Guest Lecture on AI-Based Predictive Models for Medical Decision-Making

Prof. Dr. Anne-Christin Hauschild (©BMBF/PLS/Thilo Schoch)

Guest lecturer Prof. Dr. Anne-Christin Hauschild (Institute for Predictive Deep Learning for Medicine and Healthcare, Justus Liebig University Giessen, Hessian.AI) presented a talk on 12 February 2026 as part of our Seminar on Recent Methods at the Institute of Medical Informatics in Münster. Her lecture was titled “Navigating the Challenges of Predictive Modeling of Multi-Modal Health Data for Clinical Decision-Making.”

In her presentation, Hauschild illustrated how methods from artificial intelligence are increasingly being used to analyze large volumes of medical data. At the same time, she addressed key challenges such as limited sample sizes, potential biases in datasets, and the limited interpretability of many predictive models.

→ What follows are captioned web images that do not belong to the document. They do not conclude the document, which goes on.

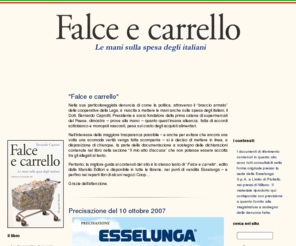 falceecarrello.com: Falce e carrello
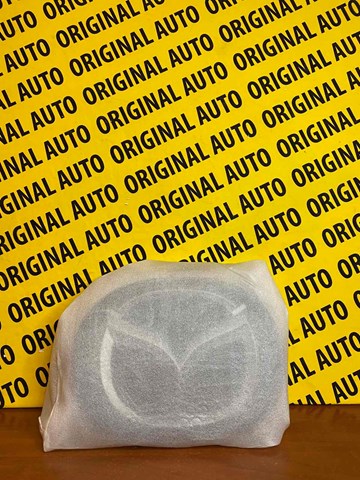 MAZDA TK7951730 Эмблема капота в наличии Сумы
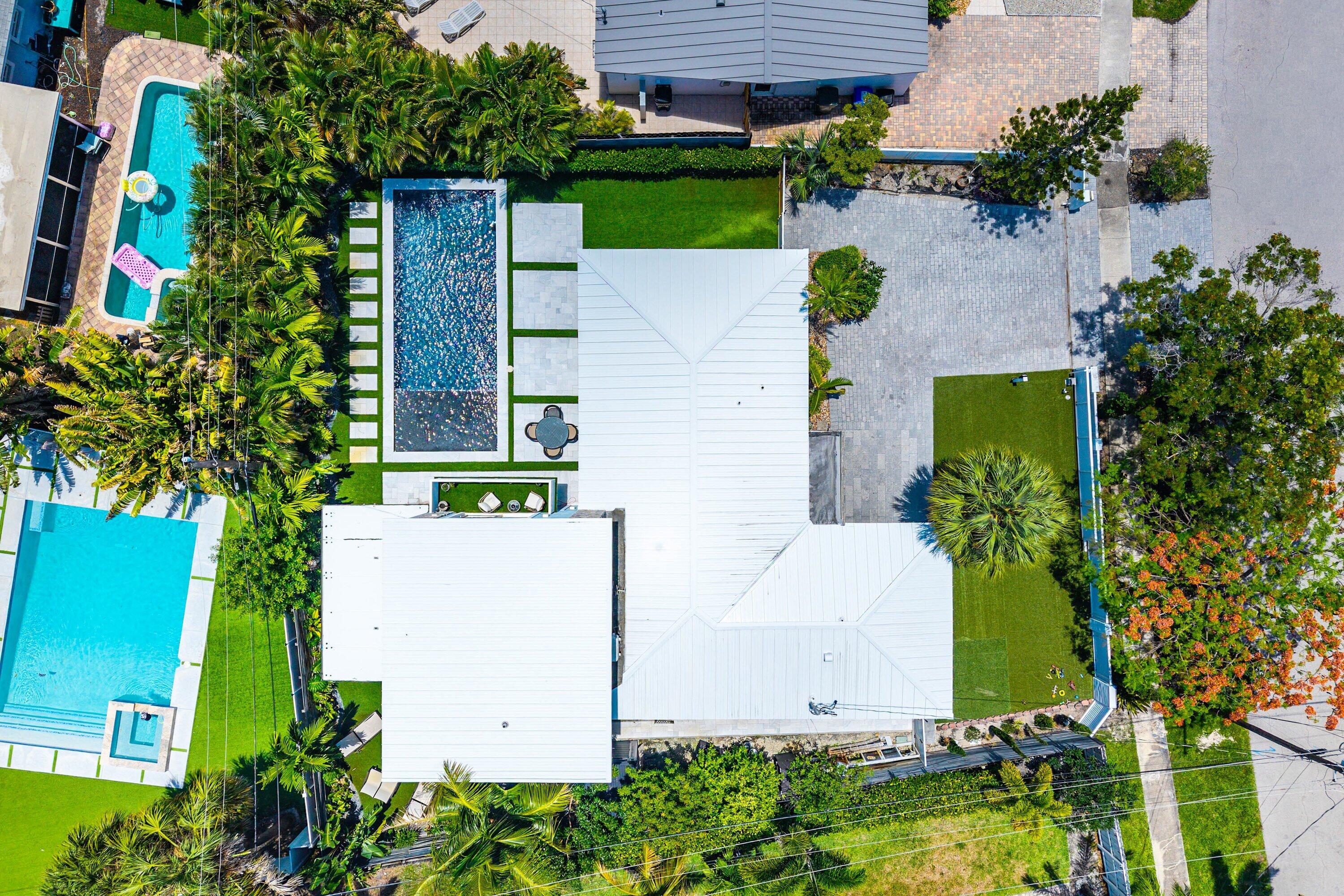 IMPERIAL POINT 1 SEC - Residential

Using examples from current research projects, she demonstrated how these challenges can be addressed. The project FAIrPaCT, for instance, employs federated AI methods to analyze different types of medical data—such as clinical, molecular, and imaging data from patients with pancreatic cancer—across institutions without requiring the exchange of sensitive patient data. She also introduced new approaches to improving the explainability of AI systems, including BenchXAI and the interactive platform CLARUS.

The lecture highlighted how robust and transparent AI systems can help make better use of complex health data for clinical decision-making and ultimately contribute to advances in personalized medicine.